If my work is about post harvest storage, and managing temperatures and air flow in sugar beet clamps, Computational Fluid Dynamics (CFD) might just be the secret sauce. In the course I took, CFD was defined in the first lecture as: “approximate solution of governing equations using numerical techniques“. Looking back at the end of the course, this is a really good definition, but also one that wouldn’t mean much to an outsider. So put another way, CFD is the method engineers use to model systems that have gases and liquids – i.e. fluids – flowing through them, so as to understand how velocity, pressure, temperature, etc behaves within the system. They are models (so only approximate) based on mechanisms defined by laws of physics (the governing equations) using the simplified versions of these governing equations (numerical techniques).
Getting to know these methods (it’s really a compilation of many methods) has meant going back to some physics and mathematical concepts I thought were well in my past. It’s been hard work, but it has been so rewarding.

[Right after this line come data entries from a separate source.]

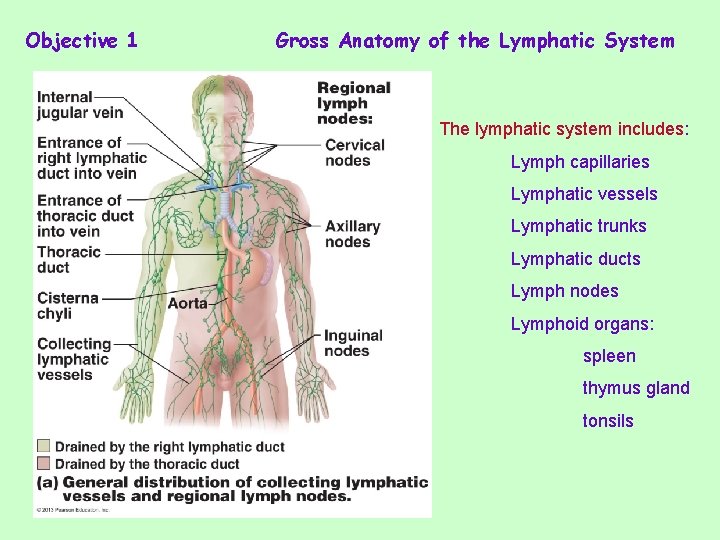 Objective 1 Gross Anatomy of the Lymphatic System The lymphatic system includes: Lymph capillaries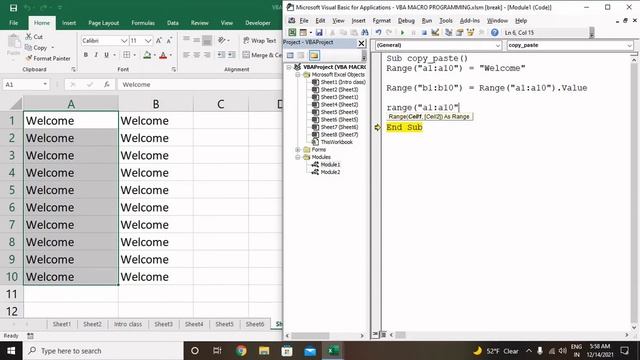 #excelvba #excelvbatutorial     Copy & Paste in Vba Macro Programming specially for Beginner
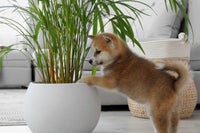 PET FRIENDLY PLANT CLUB 2026 by My Garden Box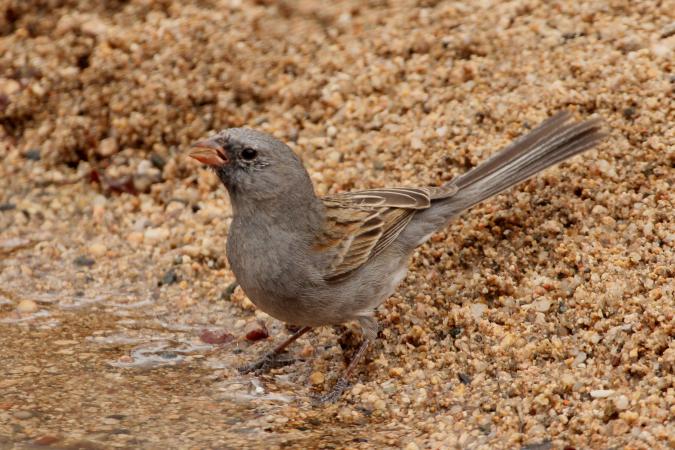 Photo (7): Black-chinned Sparrow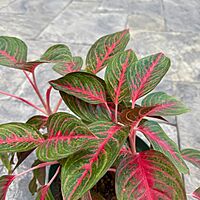 Aglaonema 'Red Emerald' (Chinese Evergreen 'Red Emerald') - 10" Pot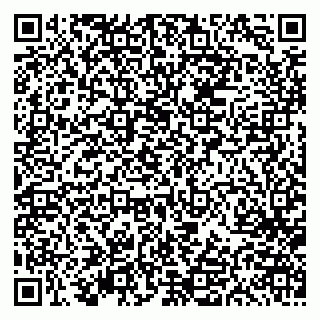 vCard 79613386874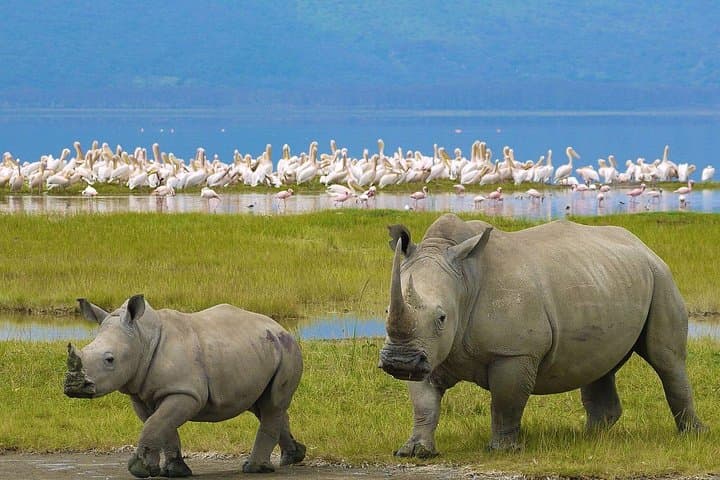 Lake Nakuru Safari: 2-Day Flamingo Spectacle & Big Five Game Drive from Nairobi photo 4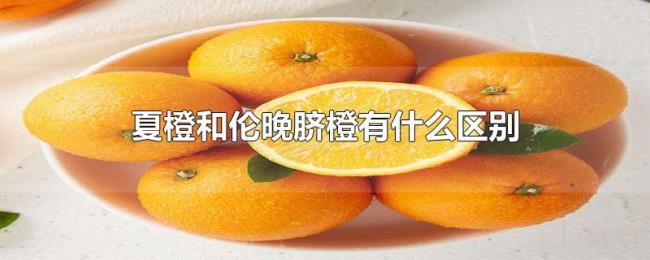 夏橙和伦晚脐橙有什么区别 夏橙和伦晚脐橙有什么区别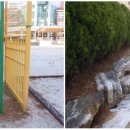 목포청호초등학교 이미지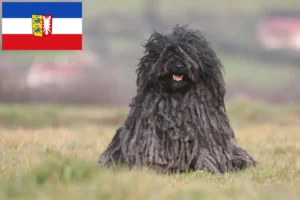 Read more about the article Puli crescători și căței în Schleswig-Holstein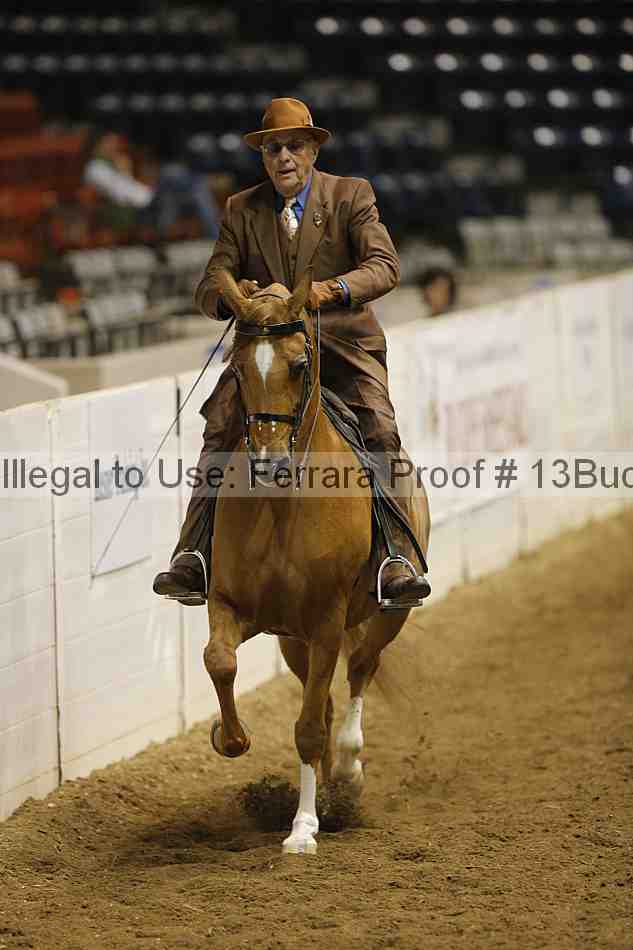 Proof Number 13buck_6262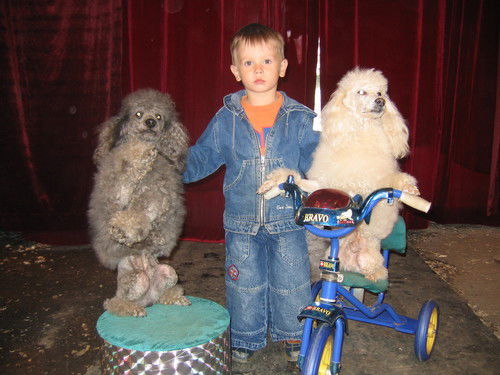 Андрей Белов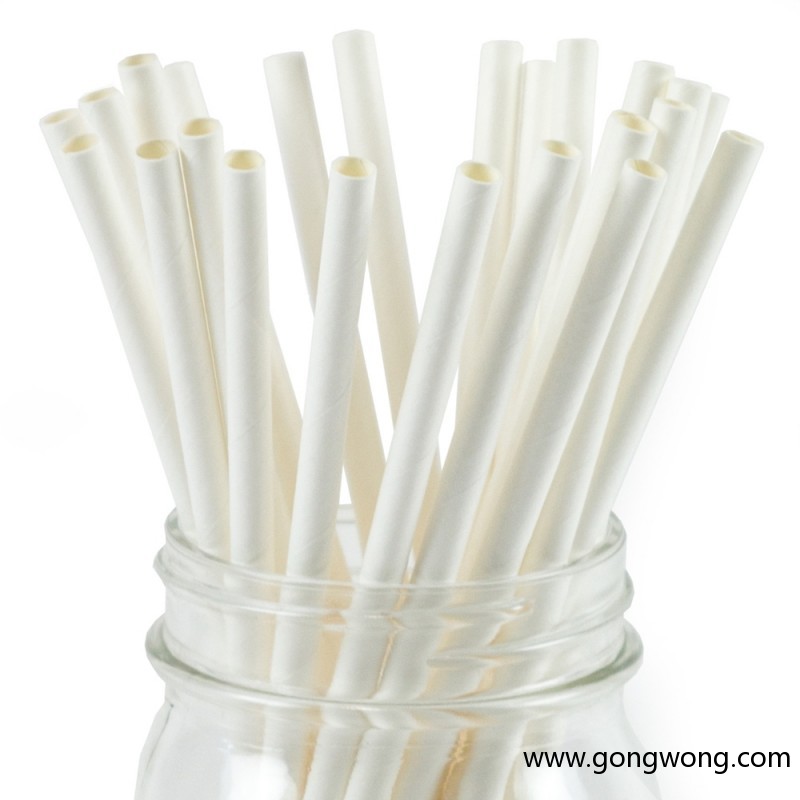 Paper straw -1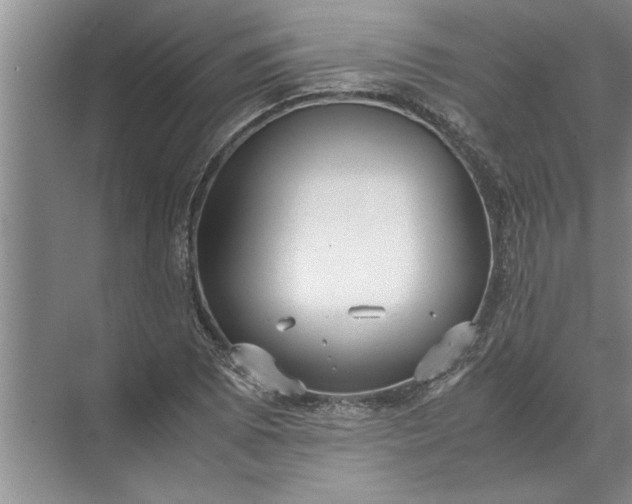 X0000072521073200607290152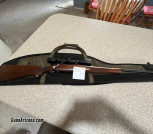 Ruger M77 Hawkeye .243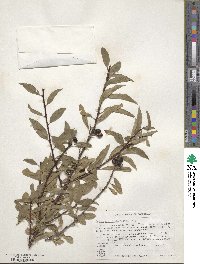 Prunus emarginata image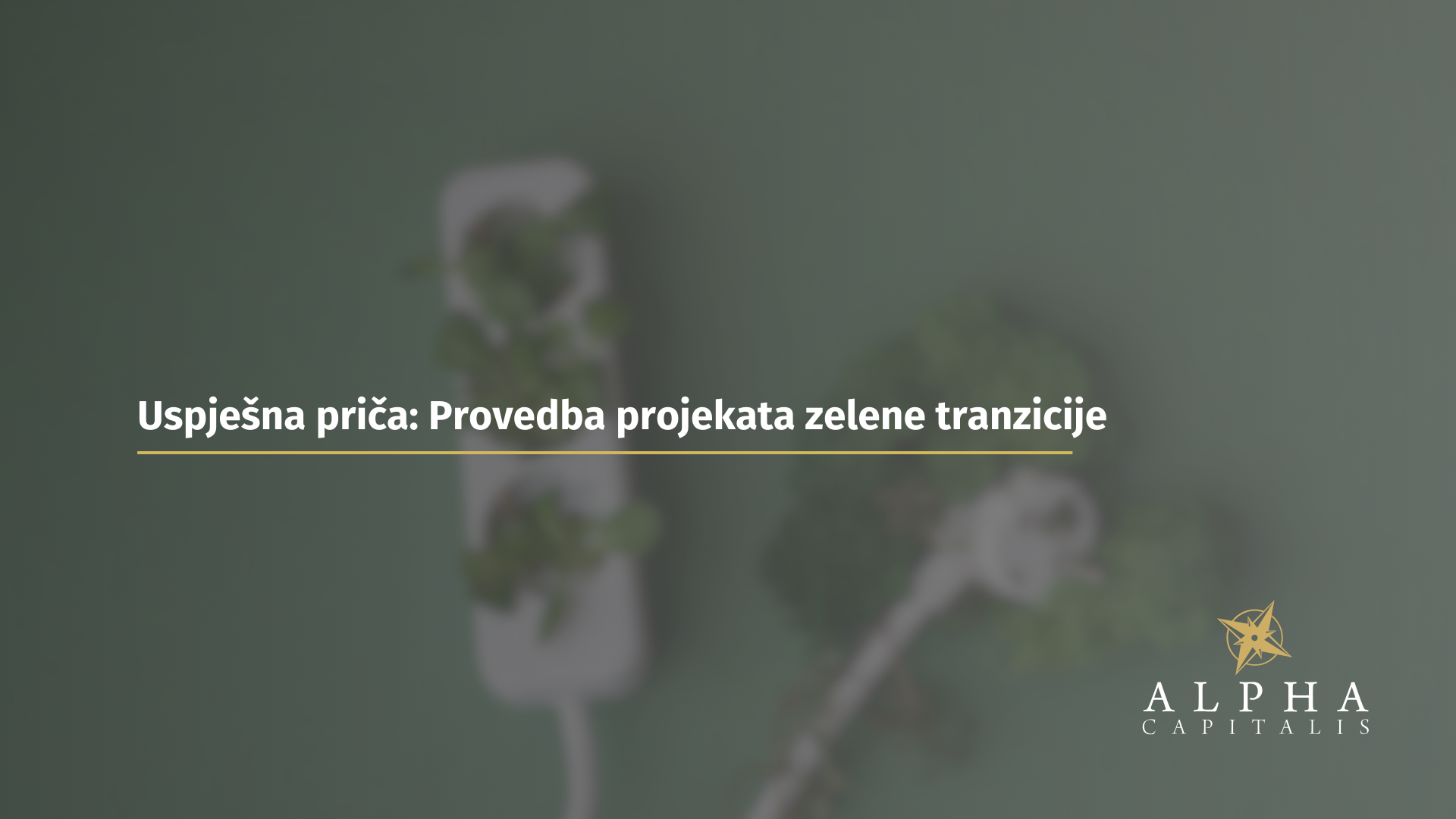 Uspješna priča: Provedba projekata zelene tranzicije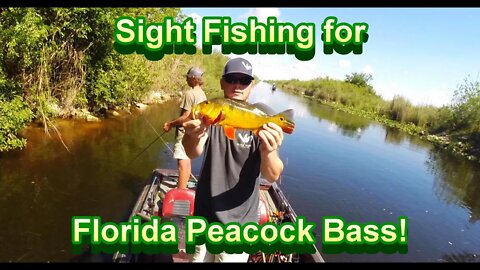 Florida Peacock Bass! Sight Fishing the Beds...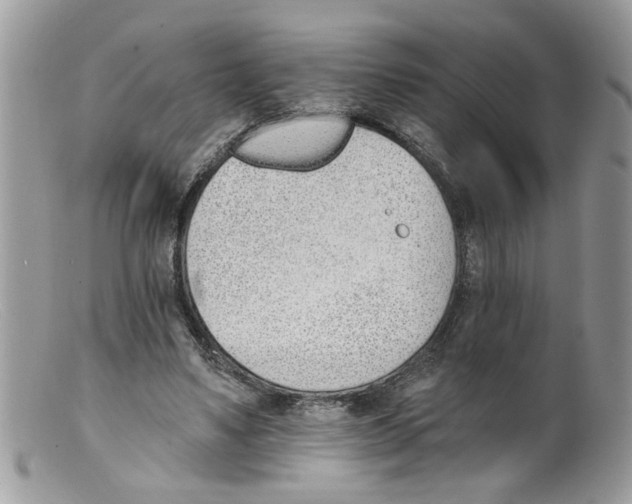 X0000098140491200805151144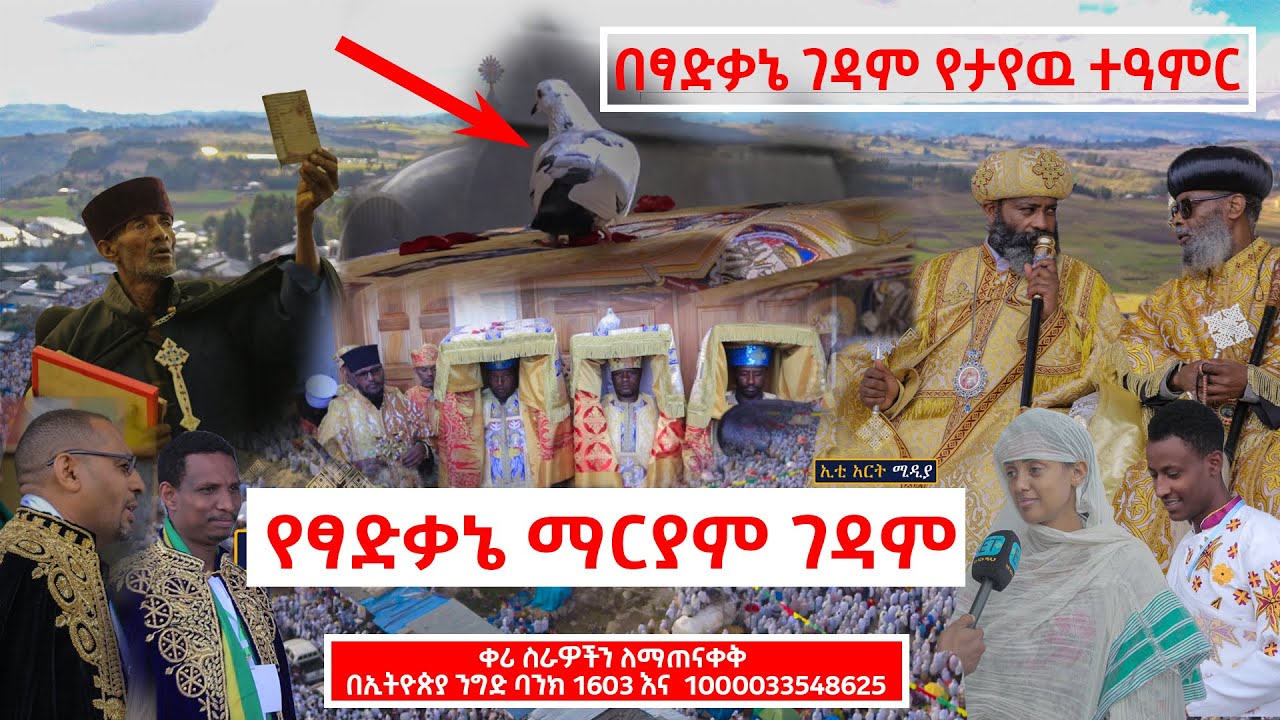 በፃድቃኔ ማርያም የታየዉ ተዓምር…እርግቧ በታቦቷ..….. የህዝብ ማዕበል የታየበት...Tsadkane Mariam monastery
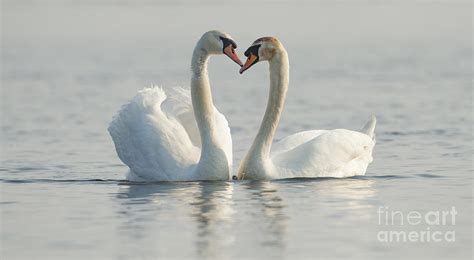 Two Mute Swans In Love Photograph By Kirk Norbury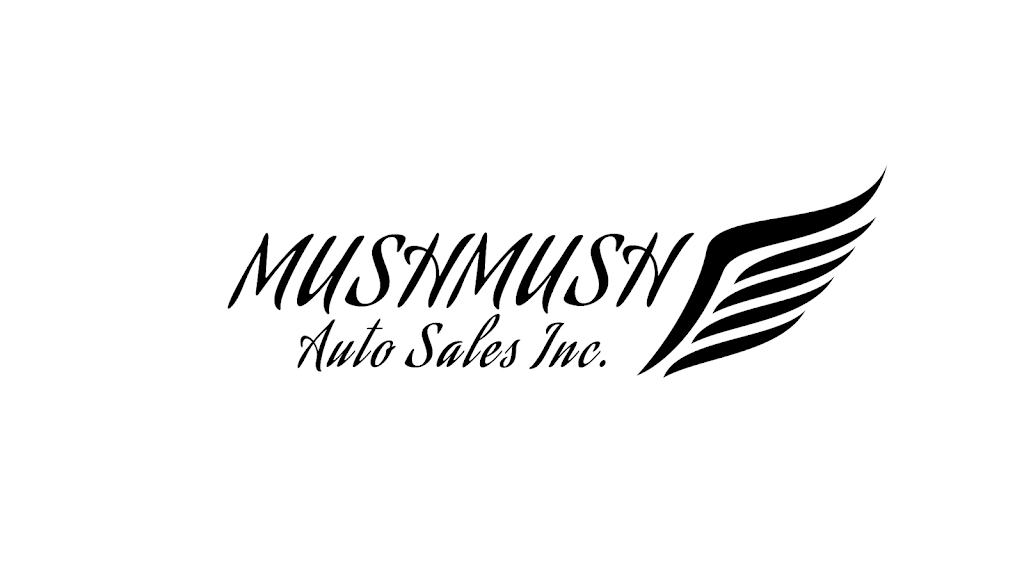 Mush Mush Auto Sales Inc | 160 Transport Rd Unit B, Oakbank, MB R0E 1J0, Canada | Phone: (204) 799-2213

The below is an analysis I did in about 30 minutes purely for the purposes of showing the people I talk with about CFD how it can be used. What you’re looking at is a sugar beet clamp of 9m width, 3m height, being subjected to a 5m/s wind. Well, you’re actually seeing the air space 15m to the left, 25m to the right, and 15m above the ground a clamp is sitting on. The wind is blowing left to right, with the green area showing wind at 5m/s. The clamp clearly acts as a wind-break: the blue behind the clamp is wind at around 1m/s. The red area is wind of around 8m/s, so the clamp also causes an area of increased wind velocity. This all feels like it’s inline with expectations…